Здесь стоит сделать ещё одну важную методологическую оговорку. Сравнительные исследования других видов — особенно широко цитируемые работы о моногамных прерийных полёвках, у которых распределение рецепторов окситоцина и вазопрессина в системе вознаграждения принципиально отличается от их не моногамных родственников-полёвок луговых, — дают нам убедительную модель того, как устроен молекулярный механизм избирательной парной связи на уровне грызуна. Но прямой перенос этих данных на человека требует значительной осторожности: люди — не полёвки, и наше социальное поведение прошито через куда более сложную, во многом ещё не до конца расшифрованную сеть взаимодействий гормональной системы с гигантски разросшейся, по эволюционным меркам, префронтальной корой. Когда в следующей главе мы будем подробнее говорить о химии связи, мы вернёмся к этому вопросу о границах применимости моделей животных к человеку с гораздо большей детализацией.

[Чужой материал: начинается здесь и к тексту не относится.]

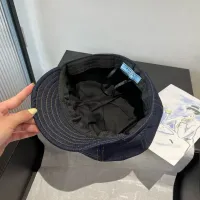 $34.00 USD Prada Caps #1407671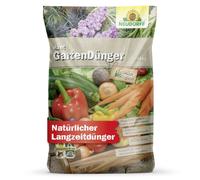 Neudorff Azet Engrais Pour Jardin 10 kg Engrais Potassique Bio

Что объединяет все три линии доказательств, разобранные в этой главе — поведенческие эксперименты Харлоу, клиническую теорию Боулби и Эйнсворт, нейровизуализационные данные Фишер, Арона и Браун, — так это согласованный вывод о том, что привязанность работает у человека как мощная, эволюционно закреплённая мотивационная система, а не как культурная декорация поверх «настоящих» биологических потребностей. Эта система обладает собственной анатомией — конкретными структурами мозга, которые мы будем последовательно картировать на протяжении первой части книги, — собственной химией, о которой пойдёт речь в следующей главе, и, что критически важно для всего дальнейшего повествования, собственной логикой реакции на угрозу разрыва этой связи.
И вот здесь мы подходим к тому, ради чего, собственно, и написана эта книга. Если привязанность — это не романтическая надстройка, а полноценная биологическая система выживания, эволюционно настроенная на поддержание физической близости к незаменимому другому человеку, то логично предположить, что разрыв этой связи должен включать в мозге не «просто грусть», а ровно ту же категорию реакций, которую эволюция приберегла для ситуаций угрозы выживанию: тревогу, гипербдительность, мобилизацию ресурсов организма, отчаянные попытки восстановить утраченную близость. Именно это и происходит, и именно поэтому, как мы увидим во главе пятой этой части книги, исследования Наоми Айзенбергер и её коллег обнаружили, что нейронные пути обработки социального отвержения у человека частично пересекаются с путями обработки физической боли — буквально, на уровне общих структур мозга, а не на уровне разговорной метафоры.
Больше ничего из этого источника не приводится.